• Work task
Keeping pictures out, repeat the lines of the listing below exactly, starting at its first line and finishing with the one that holds "OPI Make my Daisy Dot".

"""

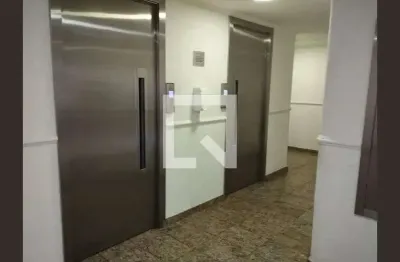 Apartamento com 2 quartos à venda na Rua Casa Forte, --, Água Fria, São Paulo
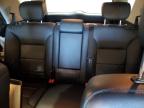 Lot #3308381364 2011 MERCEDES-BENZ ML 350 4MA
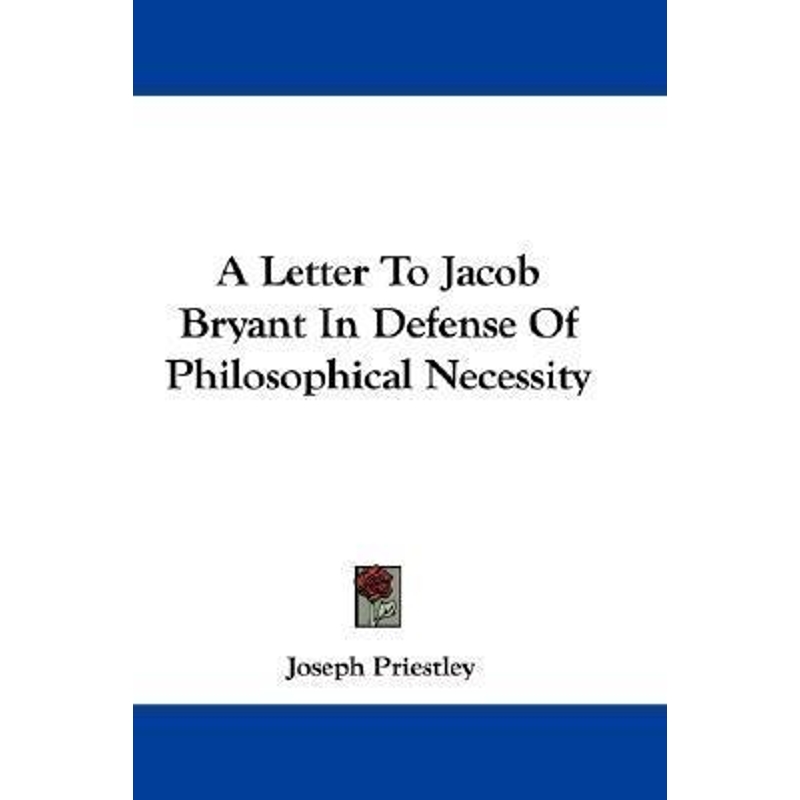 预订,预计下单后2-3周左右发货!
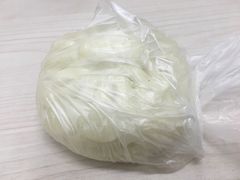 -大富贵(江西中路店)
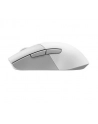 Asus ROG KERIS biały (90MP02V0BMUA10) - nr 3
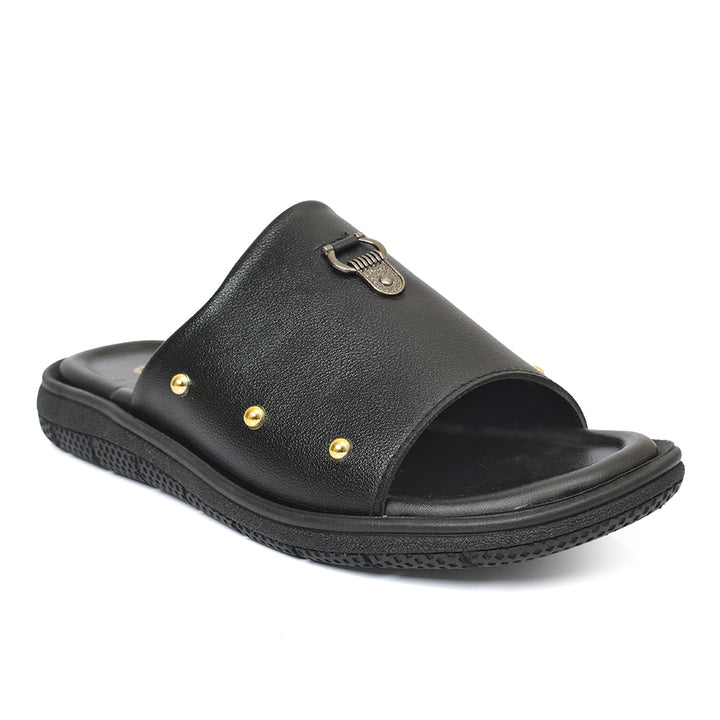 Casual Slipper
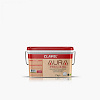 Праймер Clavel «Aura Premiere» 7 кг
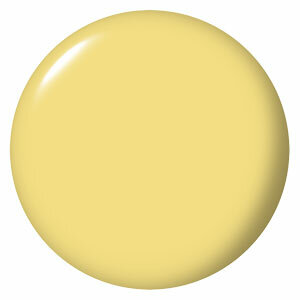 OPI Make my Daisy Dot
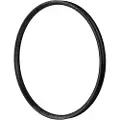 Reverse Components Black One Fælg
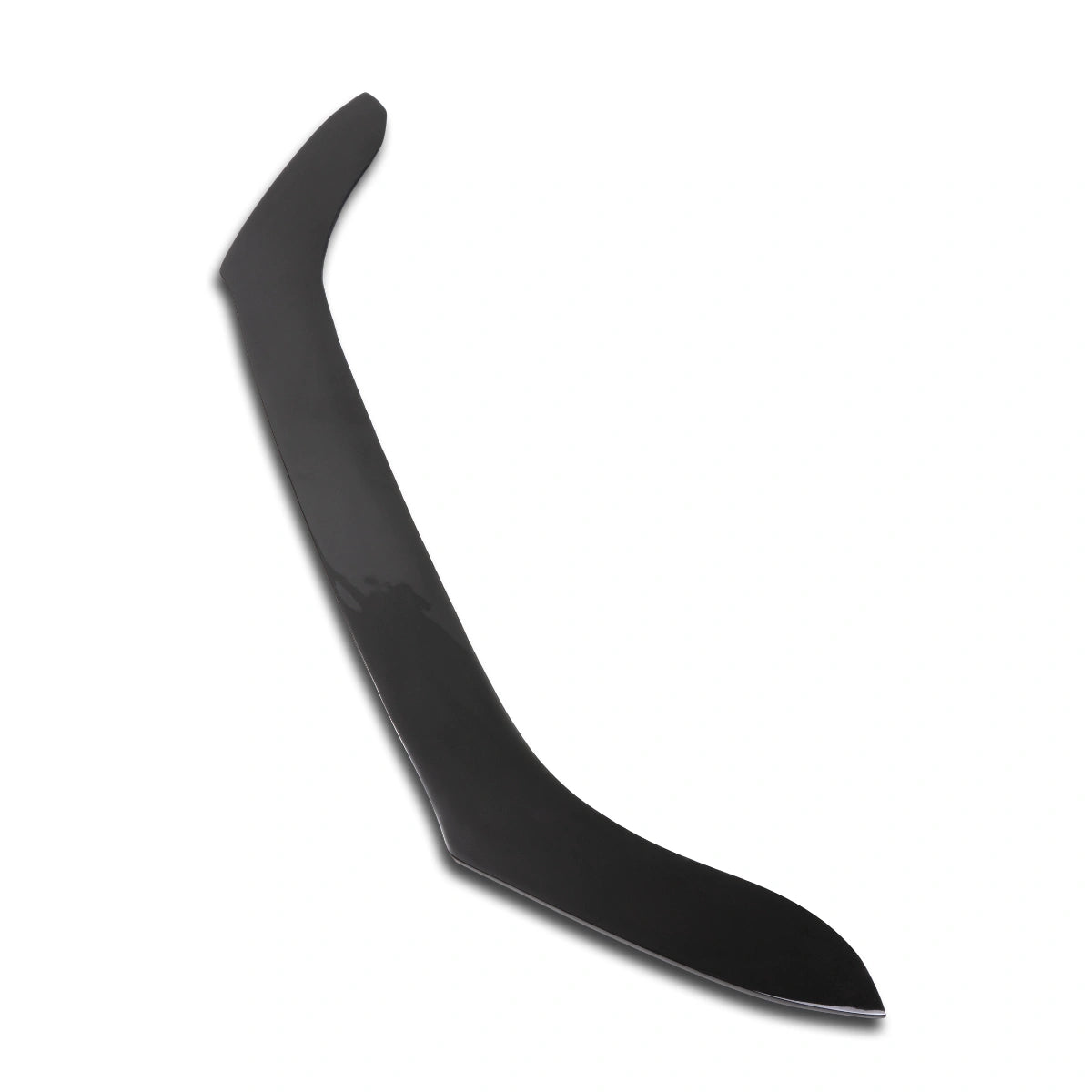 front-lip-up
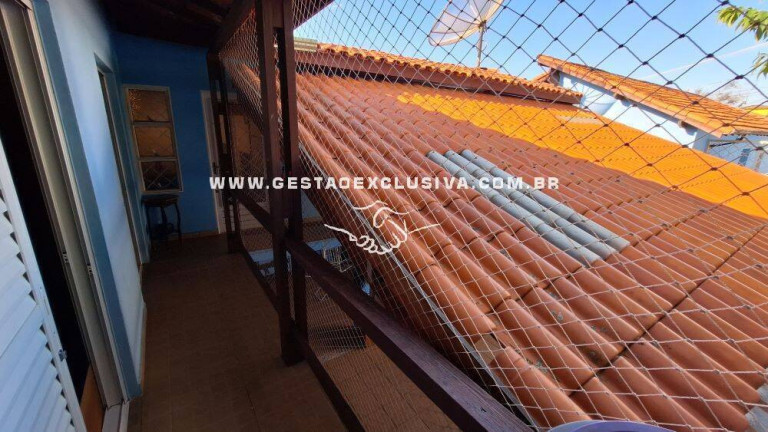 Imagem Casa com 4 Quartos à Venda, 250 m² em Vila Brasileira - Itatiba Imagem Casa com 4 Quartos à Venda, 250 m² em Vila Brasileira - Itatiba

"""

• Result for this task
 Apartamento com 2 quartos à venda na Rua Casa Forte, --, Água Fria, São Paulo
 Lot #3308381364 2011 MERCEDES-BENZ ML 350 4MA
 预订,预计下单后2-3周左右发货!
 -大富贵(江西中路店)
 Asus ROG KERIS biały (90MP02V0BMUA10) - nr 3
 Casual Slipper
 Праймер Clavel «Aura Premiere» 7 кг
 OPI Make my Daisy Dot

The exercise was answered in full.